Community Supported Art Program Enters 4th Season
50 shares go on sale Tuesday, February 3rd
Tuesday morning, 50 people will purchase nine pieces of art for $500. They won't receive any of the art right away. They haven't even seen it yet.
As part of the fourth season of the Arts & Science Council's Community Supported Art program, 50 shareholders will receive the art in stages, one-third at a time. At each pick-up event, they'll receive not only locally made pieces to add to their home collections, but they'll also meet the artists, interact with other collectors (both experienced and novice), and establish relationships that are necessary to build and grow the community arts scene.
The Arts & Science Council (ASC) started the Community Supported Art program in fall 2013. It's modeled after a similar program in Minnesota. The program works much like a community supported agriculture program, where people purchase shares at the beginning of the growing season and then receive boxes of produce at set intervals.
A panel of jurors involved in the visual arts (curators, gallery owners, fellow artists, collectors) select the nine local artists who will each create 50 pieces of art. Each artist will receive a $2,000 commission. The artists vary in style and media. This season's lineup includes painting, fused glass, visual 3D, photography, wearable art, mixed media, stained glass, and pottery. One benefit of the program is that it exposes patrons to artists and styles that they might not ordinarily choose.
"We have a wonderful variety of disciplines represented in this class," says John Horne, ASC's program director for cultural and community investment.

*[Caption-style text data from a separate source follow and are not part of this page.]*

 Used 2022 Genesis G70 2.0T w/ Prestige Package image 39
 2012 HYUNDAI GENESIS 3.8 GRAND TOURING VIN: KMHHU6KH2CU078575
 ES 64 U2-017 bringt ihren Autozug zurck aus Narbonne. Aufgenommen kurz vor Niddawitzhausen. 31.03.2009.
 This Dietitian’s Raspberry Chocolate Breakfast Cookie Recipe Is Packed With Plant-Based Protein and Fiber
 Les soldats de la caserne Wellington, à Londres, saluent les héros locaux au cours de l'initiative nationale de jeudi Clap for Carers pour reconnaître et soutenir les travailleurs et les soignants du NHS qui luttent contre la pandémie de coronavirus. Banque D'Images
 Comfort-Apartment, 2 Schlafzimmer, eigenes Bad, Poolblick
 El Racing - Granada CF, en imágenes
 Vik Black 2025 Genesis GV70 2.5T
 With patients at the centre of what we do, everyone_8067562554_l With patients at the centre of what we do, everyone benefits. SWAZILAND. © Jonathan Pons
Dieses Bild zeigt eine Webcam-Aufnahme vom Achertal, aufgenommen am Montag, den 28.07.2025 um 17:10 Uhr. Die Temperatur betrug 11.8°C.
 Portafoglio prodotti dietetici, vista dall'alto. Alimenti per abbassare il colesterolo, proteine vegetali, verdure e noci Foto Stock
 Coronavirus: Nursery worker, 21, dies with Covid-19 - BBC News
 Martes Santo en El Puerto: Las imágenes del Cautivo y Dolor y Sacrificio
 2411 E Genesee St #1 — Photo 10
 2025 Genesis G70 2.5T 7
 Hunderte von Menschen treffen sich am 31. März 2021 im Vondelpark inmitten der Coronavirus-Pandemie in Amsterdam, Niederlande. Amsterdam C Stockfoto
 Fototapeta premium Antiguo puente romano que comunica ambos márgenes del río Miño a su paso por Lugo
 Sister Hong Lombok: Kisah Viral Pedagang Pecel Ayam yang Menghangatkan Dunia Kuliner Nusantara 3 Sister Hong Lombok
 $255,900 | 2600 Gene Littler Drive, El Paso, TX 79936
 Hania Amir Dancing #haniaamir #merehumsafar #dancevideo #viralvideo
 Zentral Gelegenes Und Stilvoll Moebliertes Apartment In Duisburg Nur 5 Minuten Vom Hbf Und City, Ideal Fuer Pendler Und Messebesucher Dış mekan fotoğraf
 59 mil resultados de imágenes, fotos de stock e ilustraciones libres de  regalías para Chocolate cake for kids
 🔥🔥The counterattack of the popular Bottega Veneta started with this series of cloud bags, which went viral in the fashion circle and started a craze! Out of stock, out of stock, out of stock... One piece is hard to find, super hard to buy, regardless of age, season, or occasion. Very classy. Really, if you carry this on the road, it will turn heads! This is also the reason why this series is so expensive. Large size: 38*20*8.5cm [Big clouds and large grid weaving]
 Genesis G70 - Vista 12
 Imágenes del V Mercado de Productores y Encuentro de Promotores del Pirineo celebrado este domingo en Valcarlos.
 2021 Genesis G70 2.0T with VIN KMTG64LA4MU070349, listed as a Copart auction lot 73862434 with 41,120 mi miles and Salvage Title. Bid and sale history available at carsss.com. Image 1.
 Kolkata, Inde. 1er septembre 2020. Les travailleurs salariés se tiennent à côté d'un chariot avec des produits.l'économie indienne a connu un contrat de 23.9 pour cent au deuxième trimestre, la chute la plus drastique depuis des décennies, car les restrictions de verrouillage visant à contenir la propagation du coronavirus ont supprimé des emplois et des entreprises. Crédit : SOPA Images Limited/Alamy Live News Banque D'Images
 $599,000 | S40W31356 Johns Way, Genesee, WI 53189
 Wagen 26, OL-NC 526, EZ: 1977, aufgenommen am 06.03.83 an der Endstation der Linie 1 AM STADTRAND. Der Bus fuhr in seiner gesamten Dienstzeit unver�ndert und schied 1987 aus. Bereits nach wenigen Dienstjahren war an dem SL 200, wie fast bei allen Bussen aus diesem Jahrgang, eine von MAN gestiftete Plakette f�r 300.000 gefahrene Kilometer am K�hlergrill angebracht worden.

Each pick-up event takes place at a cultural venue that shareholders might not have experienced before or might not visit regularly. This season's locations are Discovery Place's Education Studio (March 25), Wing Haven Gardens (April 22), and Clayworks (May 18). The events involve food, drinks, and performing arts along with the artwork reveal. Birdsong Brewing Co. will serve as a sponsor again this season, providing local beer for the occasions.
"Their support of not only CSA, but the cultural sector in general has been greatly appreciated," Horne says. "We try to highlight all aspects of Charlotte, to get a taste of everything and how they all intertwine."
Shares for the fall season of the Community Supported Art program sold out in less than two hours. About 40 percent of the participants each season are repeat shareholders. Some people have created a competition out of purchasing the first share. The ASC staff has to break it down to the second to let them know who was first.
The race is on for the spring season at 10 a.m. Tuesday.